Division with on-the-fly normalization

Fri Mar 18 11:39:08 CET 2011

nisse at lysator.liu.se (Niels Möller) writes:

  I'm trying to figure out what is needed to integrate division code with
  on-the-fly normalization. I think the following should be done:

  * Extend gmp_pi1_t to something like

    typedef struct {
      /* Normalized most significant divisor limbs */
      mp_limb_t dh[3];
      mp_limb_t inv32;
      int shift;
    } gmp_pi1_t;

OK, so you're suggestng that one replicates the most significant part of
the divisor here?  I assume you want to keep it normalised, i.e., the
msb of dh[2] = 1...

  * Rename current invert_pi1 to invert_3by2.

  * Write a new invert_pi1 which normalizes d, uses invert_3by2, and fills
    in the other fields. Needs three limbs of d as input (pointer or
    separate arguments?). Or maybe it's getting too large for a macro, so
    it should be a function instead?

You're suggesting that we use the 5 word structure also for the case
where the divisor is already normalised, up from 1 word today?
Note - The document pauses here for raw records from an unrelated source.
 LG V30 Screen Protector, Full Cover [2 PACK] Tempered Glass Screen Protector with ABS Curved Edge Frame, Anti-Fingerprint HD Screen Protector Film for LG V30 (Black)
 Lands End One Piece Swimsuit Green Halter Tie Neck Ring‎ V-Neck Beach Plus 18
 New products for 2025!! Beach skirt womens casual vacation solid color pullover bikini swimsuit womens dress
At the lowest mpn level, I think we should probably have one loop per
function.  So we should have different functions for plain SB division
for the case where operands will be shifted on-the-fly and for the case
where they do not.  I don't thing the latter case should be burdened
down by a 5-word structure, since filling that out will take a few extra
cycles, and a few cycles matter for SB division.

Do you agree?

  * Change mpn_sbpi1_div_qr and friends to take a gmp_pi1_t * as argument
    (or it should really be const gmp_pi1_t *, right?)
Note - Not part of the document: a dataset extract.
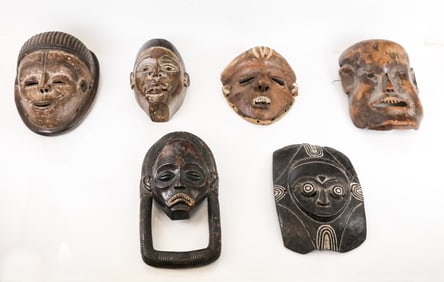 Group of 6 Hand-Carved African Masks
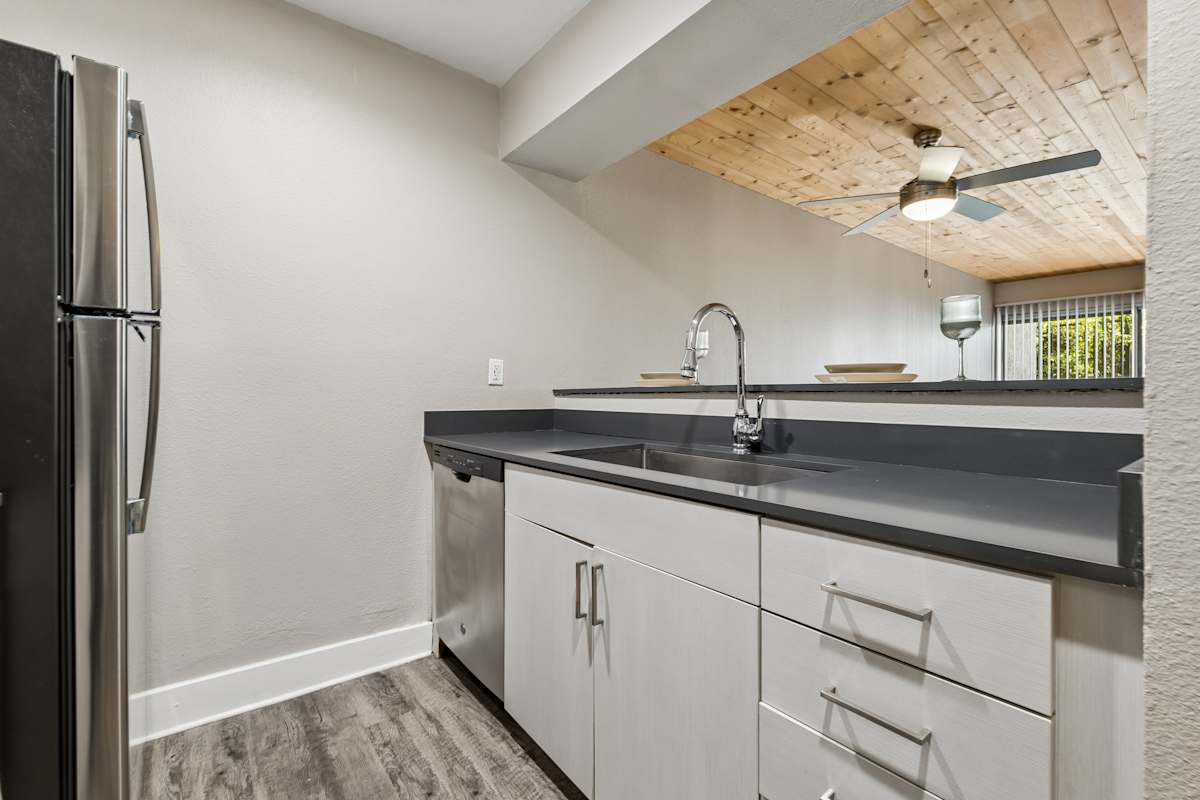 Apartment kitchen at Icon on Central.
  * Update callers to the new conventions.

  At this stage, the code ought to compile again. Next:

  * Add actual support for the unnormalized case (gmp_pi1_t->shift > 0) to
    one sb function at a time, and remove the normalization shifting in
    callers.

  * Fix any other normalization dependences, beyond the
    schoolbook functions. Are there any known dependencies, e.g.,
    in mpn_mu_div_*, and the inversion functions?
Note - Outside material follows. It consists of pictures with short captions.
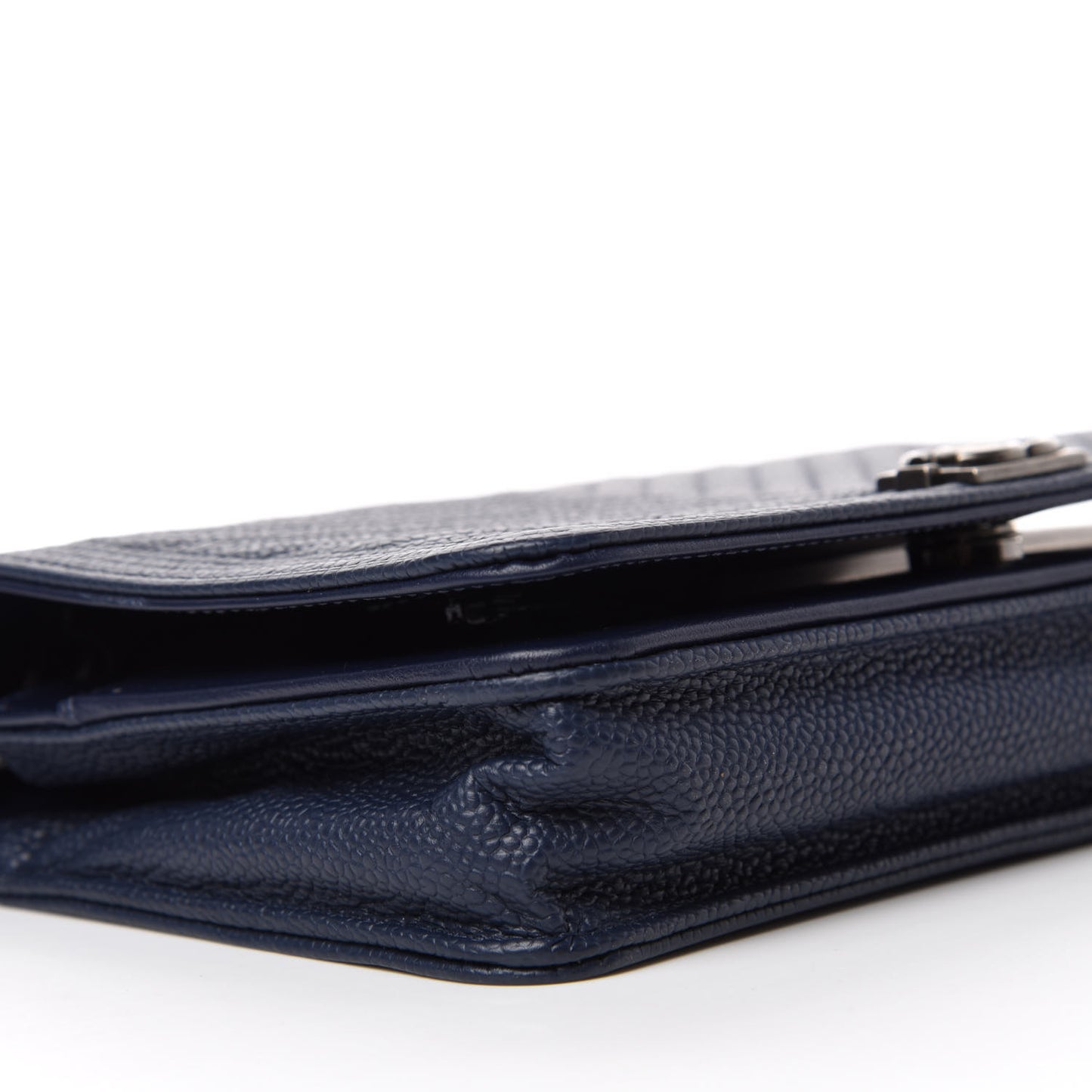 Caviar Chevron Quilted Boy Wallet On Chain WOC Blue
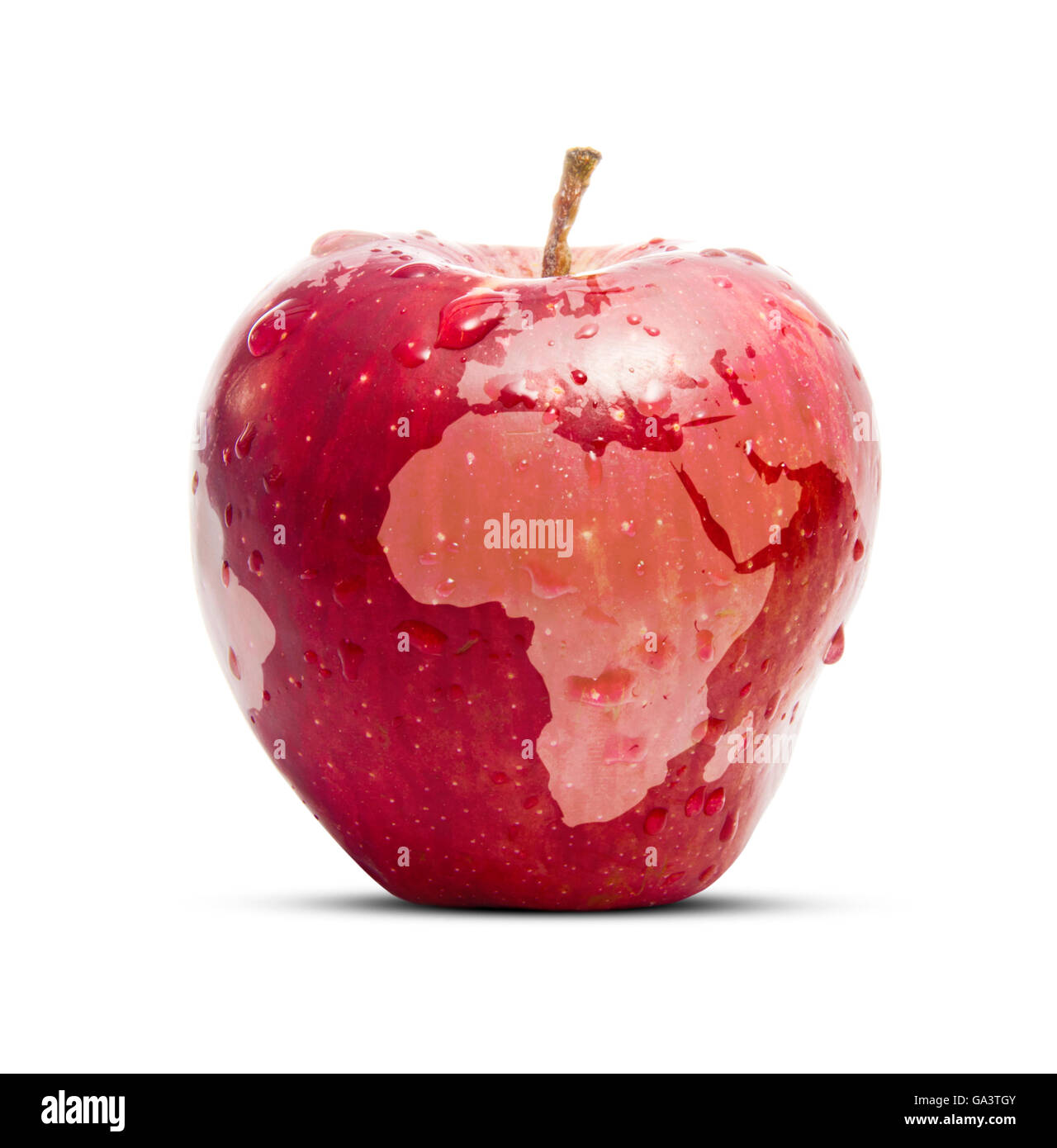 Roter Apfel Welt isoliert auf weißem Hintergrund Stockfoto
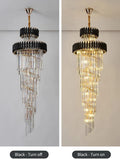 Extra Large Vertical Long Crystal Foyer Hallway Chandelier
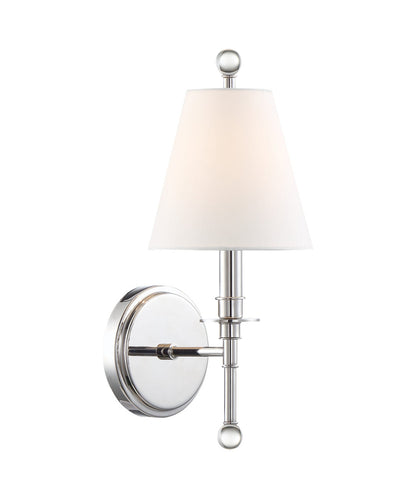 Crystorama Riverdale 1 Light Polished Nickel Wall Mount RIV-382-PN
I am not sure I understand this question.  In general, the lowest-level
division functions today require normalisation, SB, DC, and MU.

But mpn_div_q does not require normalisation, since it is not
"lowest-level".  If the quotient is FUDGE smaller than the divisor, it
normalises the upper parts of the dividend and divisor, else all of
them.

While I agree that we should add SB division that does not require
normalisation, I am not so sure there is much point in rewriting the
larger-operand division code to handle unnormalised divisors.  For these
larger operands, the potential saved time would be a very small fraction
of the total time.  For SB division on the other hand, there should be
significant savings possible.

-- 
Torbjörn